Amicale Solvay, Belgium
The Amicale Solvay located in Couillet , a section of the Belgian city of Charleroi , was considered to be an important brick building with a flat roof designed by architect Eléazar Cozac and built in 1937-1939 by the Solvay Company. It housed - among other things - a swimming pool, a performance hall as well as a restaurant.
The architecture of this building was made in two perfectly identical copies. The second being located in Jemeppe-sur-Sambre in belgium. The facade is hollowed out in its center by a large semi-circle sheltering the hall and the monumental stairwell lit by a circular glass roof . On either side is a narrow glass roof giving verticality and lightness to the facade. The other sides are pierced with high windows with metal frames.
It was built for the use of factory personnel, and the swimming pool opened fairly quickly to the public and notably welcomed schools and clubs in the nearby region.
Until 1994 , it remained the property of the Solvay company whereby the Free University of Brussels bought it. The swimming pool was beginning to get old and tired looking and subsequently maintenance and repairs became too expensive to keep open in its then current form. In 1998, the swimming pool was abandoned and it began its long process of decay.
In 2000, the building was listed as a Walloon heritage.
At the end of 2005 , the old swimming pool was bought again by the non-profit organization CIECD (European Islamic Center for Culture and Dialogue). Work was undertaken after the sale. but remained at a standstill due to the association's financial problems.
In 2016, despite legal obligation for the ASBL to maintain this building in a correct state - even in the case where the building is classified as Walloon heritage - there was no feeback from the owners and the decay worsened.
As for the state of the property, a health sheet has been established, it identified the urgent work to be carried out. This sheet was not binding and in the system of Walloon heritage law, it is updated every 5 years. Which brings us back to 2026. If no regularisation occurs within this period, the competent regional authority can then replace the defaulting owner through the municipalities and provinces, or expropriate him for public utility. The procedure is long. We can fear that within 10 years, the building will be doomed to demolition if nothing has changed.

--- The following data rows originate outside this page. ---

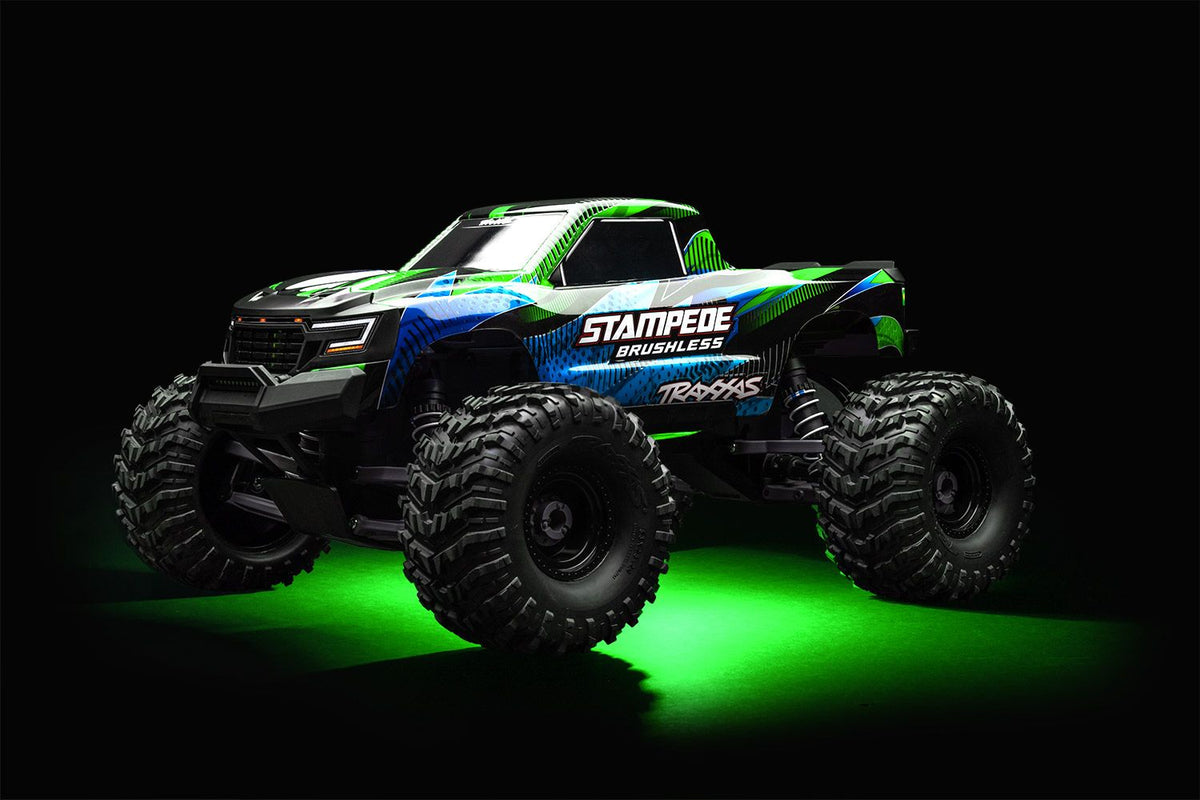 TRA-13690-GRN Stampede 2WD Brushless Green Underbody LED Light Kit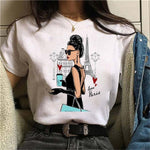 Hot Sales Printed Female Tshirt Women Fashion Graphic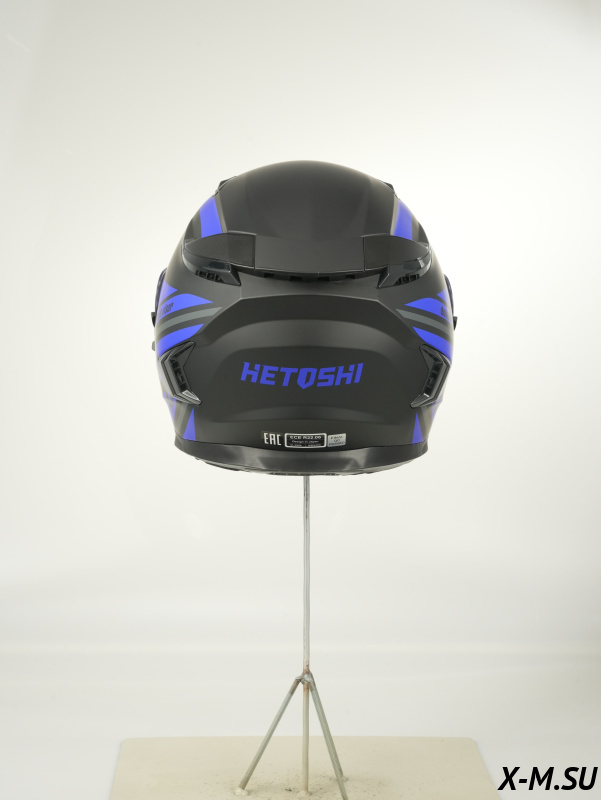 Шлем интеграл HETOSHI FF938 double visor Цв.Черно-синий Матовый р.XL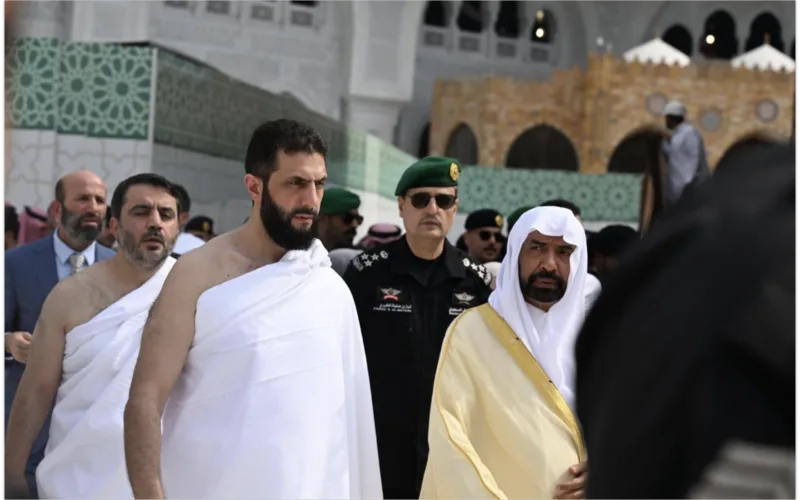 Syrian President Ahmed Al Sharaa performing Umrah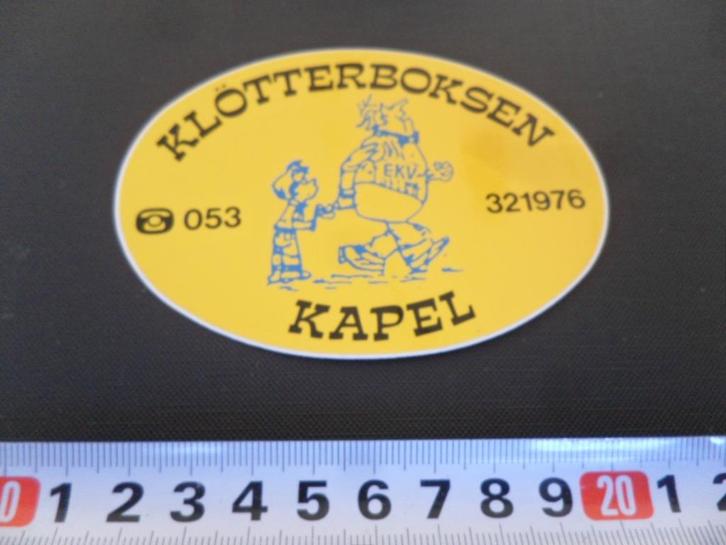 sticker enschede klötterboksen kapel, Verzamelen, Stickers, Zo goed als nieuw, Ophalen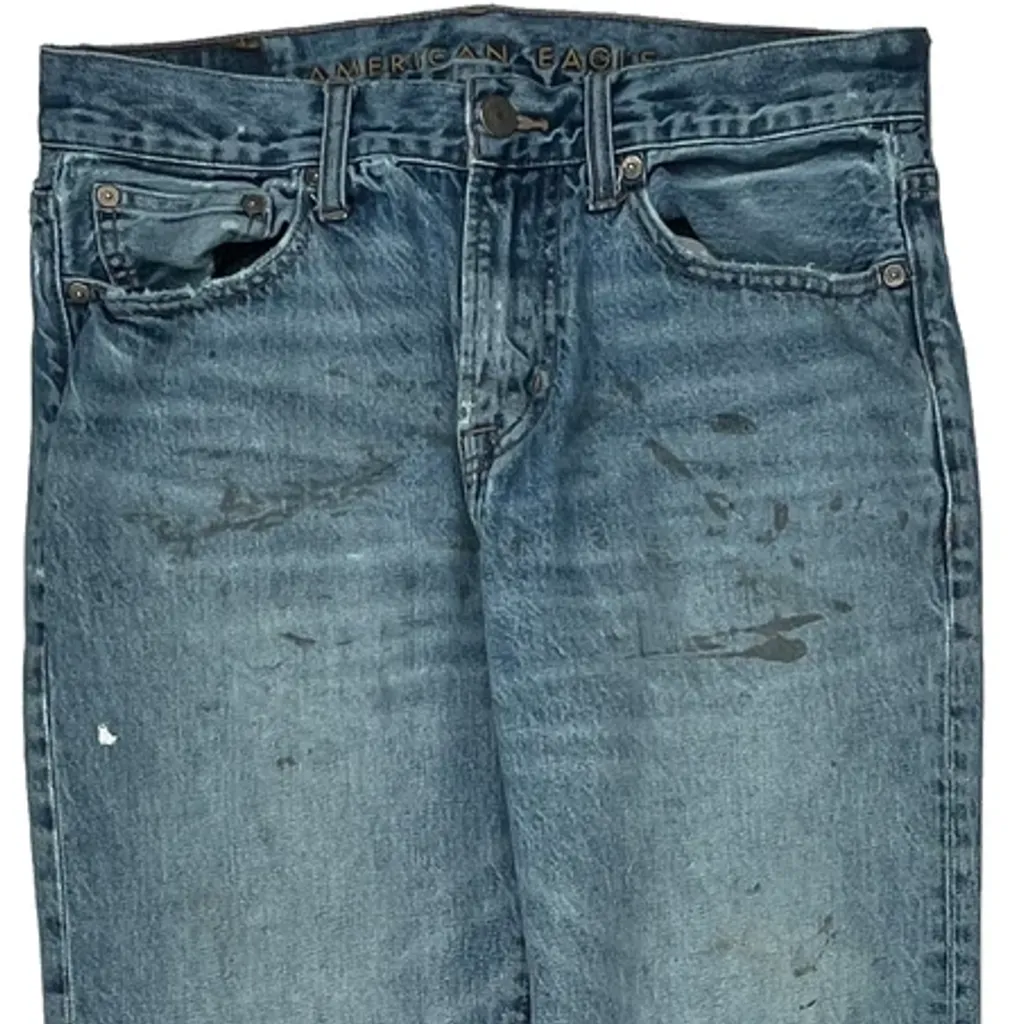 American Eagle Jeans - 32W 29L Blue Denim - Image 8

2022: According to Luc Parmentier, Ecolo municipal councilor in Charleroi;
The current owner of the building must pay municipal taxes. It should therefore not be very difficult to go back to him to ask him to account for the dilapidation of the premises. It is high time to act because, in a few years, this building will have to be demolished, which is all the same the architectural testimony of a certain era.
It remains to be seen if the building is saved or falls to the ground.